Imposition of regulatory duty elicited strong protests from the spinning sector and textile mills association that said the industry was already on the verge of collapse because of long-hour electricity load shedding, and the duty proved a last straw on the camel's back. Power crisis has caused massive monetary losses to all industries in Pakistan.
Textile industry is the backbone of Pakistan's economy accounting for more than 50 per cent of the country's total exports. All components of overall textile industry are important from cotton producer, spinner, to manufacturers. All are hit gravely by the power crisis reducing customary working hours a day to have triggered unemployment. Hundred of spinning units are closed across the country owing to inadequate supply of power. The government has yet strangulated the industry by slapping tariff barrier, complains a mill owner.
Considering the records of tariff and non-tariff barriers the government levied on textile the regulatory duty this time was in fact akin to relaxing the muscle of under stress textile mills since earlier the government had fixed yarn export quota at 50,000 tonnes per month. And sometime earlier before that, the quota was 35,000 tonnes per month. This plainly implies that a quantity more than ceiling was not allowed. Perhaps, now at least yarn exporters can search for new international markets with good valuations of Pakistani yarn. A matter of fact is that only few countries import yarn from Pakistan and China is the biggest importer.
The government's prompt actions and response to clarion call of value added sector confirm that it wants to underpin down stream industry at the cost of upstream industry.
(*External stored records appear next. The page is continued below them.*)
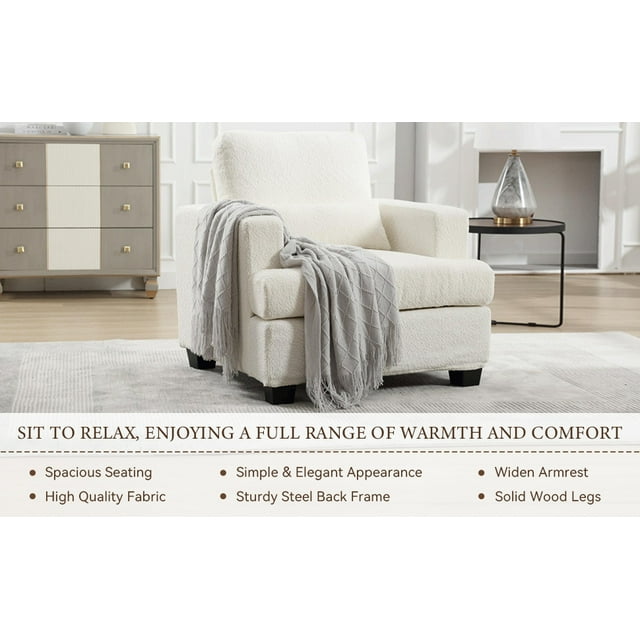 Muumblus Modern Single Sofa Chair, 37" Small Couch with 1 Waist Pillow, Removable Back Cushion, Living Room Set, White Fabric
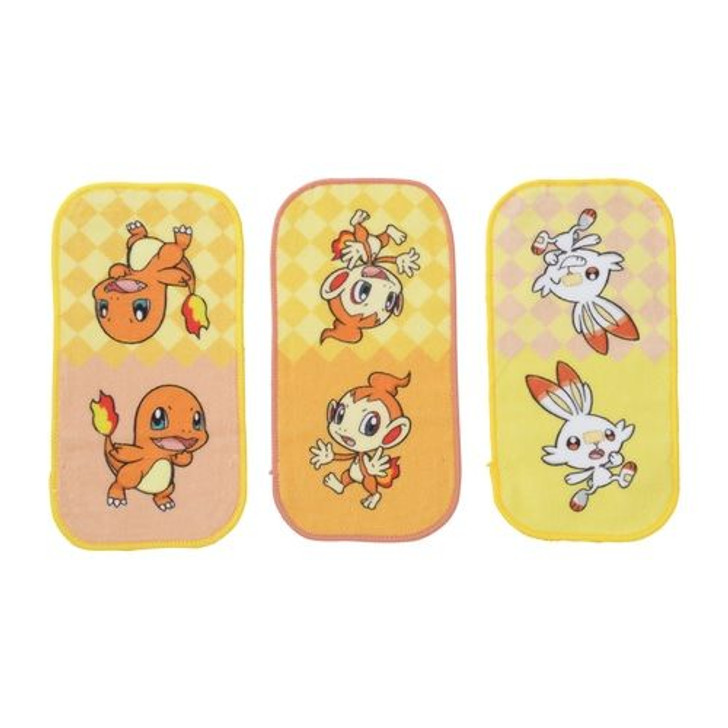 Pokemon Center Original Pocket Towel Set of 3 Pieces Playroom Charmander & Chimchar & Scorbunny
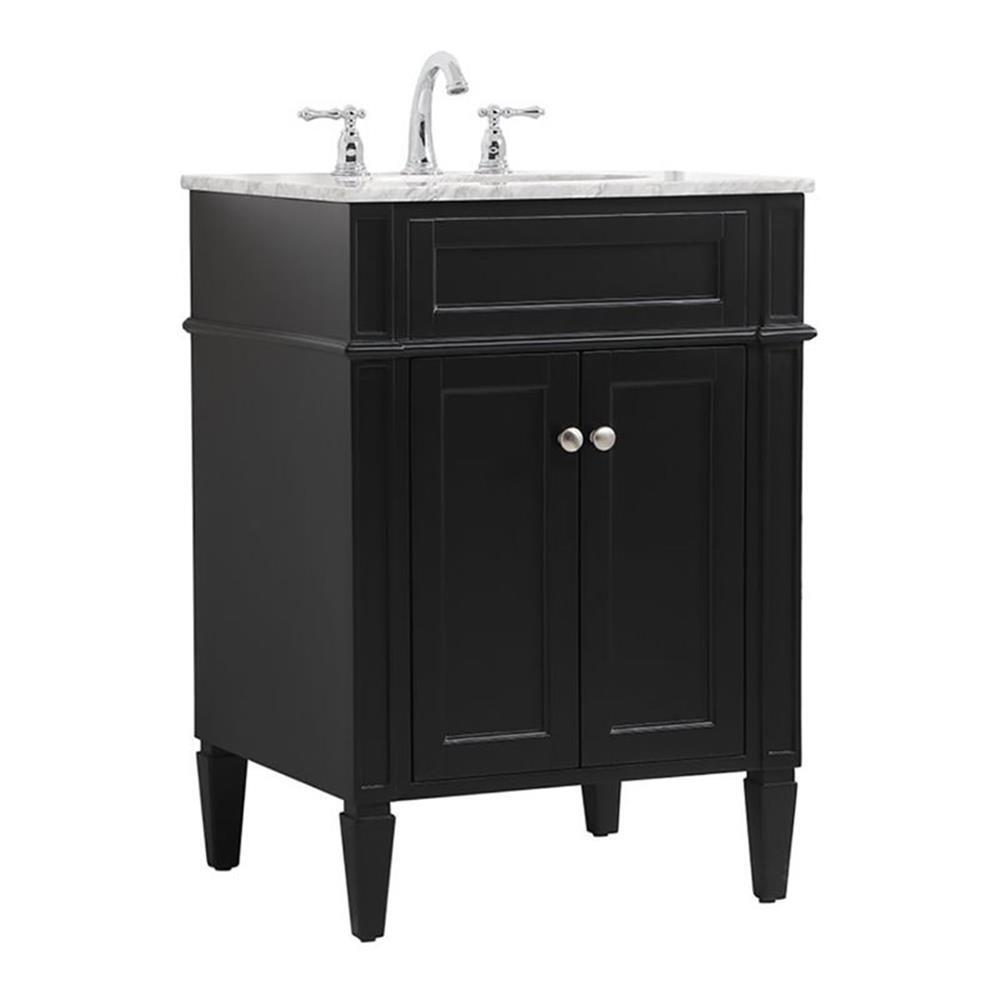 Elegant Decor Park Avenue 24″ Solid Wood & Metal Single Bathroom Vanity in Black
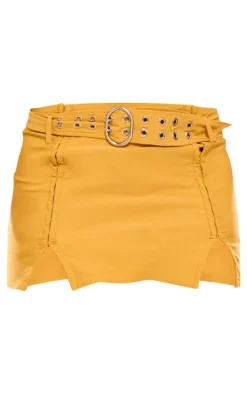 Shape Mustard Belted Utility Split Front Mini Skirt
The demand of value added sector is swelling up unabatedly. Even the withdrawal of custom duty on import of cotton yarn could not improve the situation.
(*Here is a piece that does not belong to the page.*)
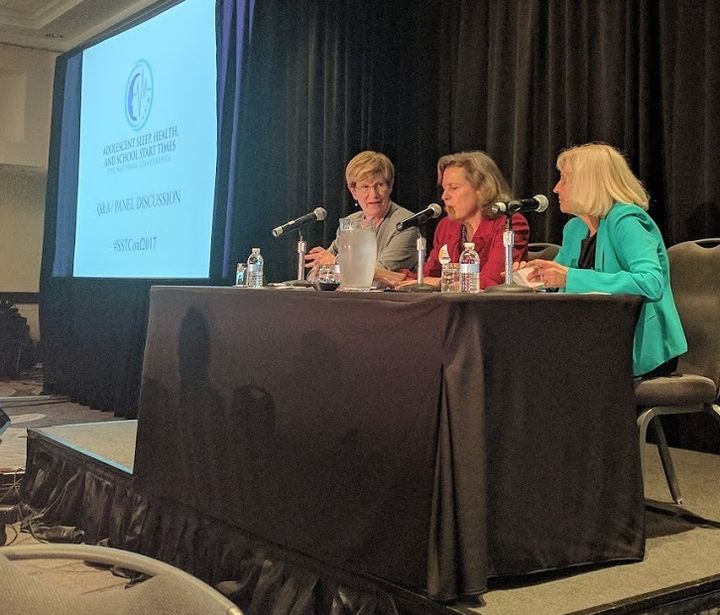 Health, education, and advocacy unite as Drs Kyla Wahlstrom, Terra Ziporyn Snider, and Judith Owens field questions at the first-ever National Conference on Adolescent Sleep, Health, and School Start Times, J.W. Marriott, Washington DC, April 27-28, 2017.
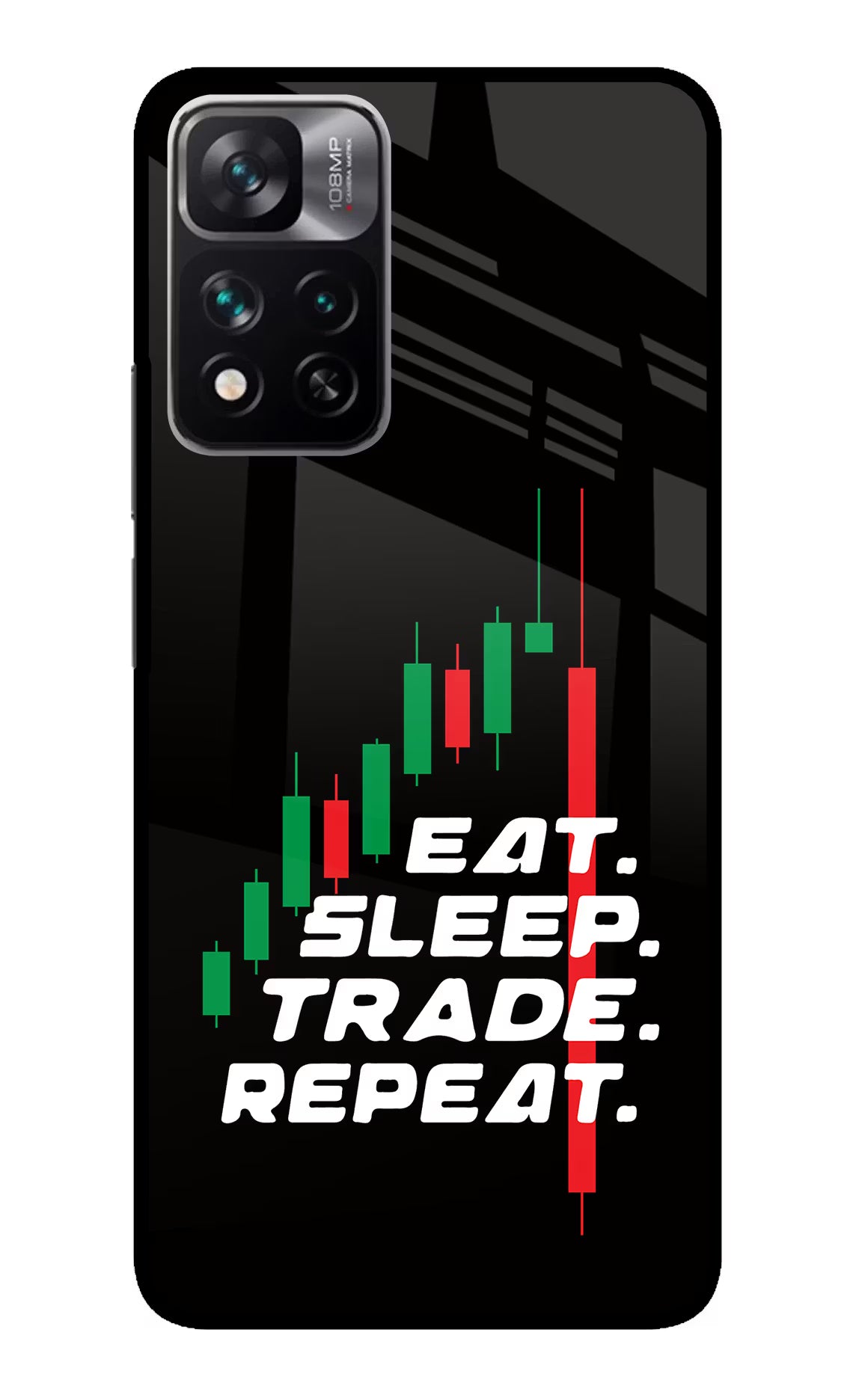 Eat Sleep Trade Repeat Redmi Note 13 Pro 5G Glass Case Back Cover by Casekaro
Last week, Prime Minister took notice of the situation and planned to meet with the representatives of both value added sector and Aptma, informs Yasin, who expects reduction in regulatory duty on export to 0.5 per cent.
Value added sector is also highly hopeful the government would extend current export regulatory duty beyond 60 days. They are seeking revival of 30 per cent duty, which the government had cut to 15 on protests of textile mills in recent past. Their optimism was based on last decisions that lay besides their desires.
Chairman Pakistan Apparel Forum, Jawed Bilwani says NA Standing Committee on Textile favoured value added sector's stance on controlling prices of cotton yarn through discouraging exports. Senate Standing Committee on Textile after a meeting with both advocated the judgment given by the NA's body. "We are working for the national interests," he asserts. As far as the helm of value added sector is in his hand, he has a befitting set of mind to bear down on forceful tradeoffs.
Yasin Saddik refuses the demand of regulatory duty on export of cotton yarn is popular within the value added sector. Some of them want free market mechanism to flourish in the country, he says saying they give us moral support to fight our case. In fact, there is no shortfall, argues Yasin. Total production of cotton yarn per month is average 240,000 tonnes while demand of local market can be met with a little over 180,000 tonnes. On an average, the country exports 50,000 tonnes of yarn per month during last ten years. "We cannot throw the surplus in to the sea," remarks chairman Aptma (Sindh-Balochistan).
Local yarn gets good price in international market. It is obvious that when it does not receive good price in local market, spinners eye trade across the border. After all, they have invested a significant 5 to 6 billion dollars in the industry, "and seeking profits is their rights," wrote Dr Mirza Ikhtiar Baig, advisor to Prime Minister on Textile in his column in a local daily.
Dr Baig, who personally belongs to textile manufacturing sector, while apparently defending the desire of profits of spinners said that because of profits they had become able to pay off their debts and improve balance sheet positions.